Just remember, America is a melting pot with shifty immigration laws – it is relatively easy to find a piece of ass in this country that no hablan Inglés.
Go Down on Some Skank With the Flu
Summer is synonymous with going down on strange chicks in questionable environments and hoping like hell you don’t end up catching something like a yeast infection or worse, some exotic strain of African throat clap.
Most men, at least those not repulsed by the idea of putting their mouths where girls pee, will almost always strap on a thigh-high feed bag if they believe that in doing so, there will be a greater chance of getting the girl on all fours for a solid three minute long hump-a-thon.

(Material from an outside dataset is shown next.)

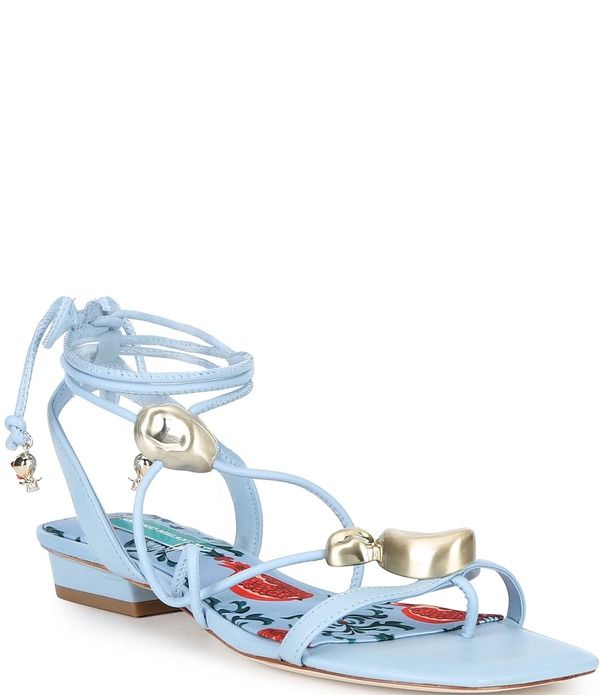 アントニオ メラーニ レディース シューズ サンダル レザー Antonio Melani Nova Leather Ornamented Strappy Flat Sandals Cornflowe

However, while the vast majority of the male persuasion is at least somewhat knowledgeable of the risk factors involved with eating from the womb of a diseased skank; surprisingly, not many administrators of the cunninlingual arts ever consider the possibility of catching the flu from it – which kills 26,000 more people per year than cocaine.
Might we suggest that before going down on your little skanky whisker biscuit, that you take her temperature first – the old fashion way, of course.
Drive Some Broad to the Liquor Store
There is nothing quite like going on a summer beer run with some of your favorite tunes blasting at top volume, while the skank of the evening beats you off from the shogun seat. And even though you are fully aware that skeezie little meat fondler has no intention of kicking-in any money for the booze, you still treat her like the respectable gutter slut that she is and let her try to get you off before you reach the liquor store.
Still, while a man can’t complain about being having his pecker tugged on at full throttle along a stretch of highway, it should be made known that it is still safer to snort mass amounts of cocaine than it is to get jerked off during a beer run. We know it sounds preposterous, but just the normal everyday car ride, sans hand job, is responsible for killing nearly 40,000 people each year in America – that’s 30,000 more casualties than a year’s worth dead American coke fiends. Hell, toss in an erection and rush hour traffic and a simple beer run becomes a suicide mission.
Perhaps it would be in your best interest to send your skank flying solo to the liquor store, while you lounge around the living room getting all Tony Montana on a hefty stash of blow. After all, there will be plenty of time to introduce her to your little friend after she gets back with the booze.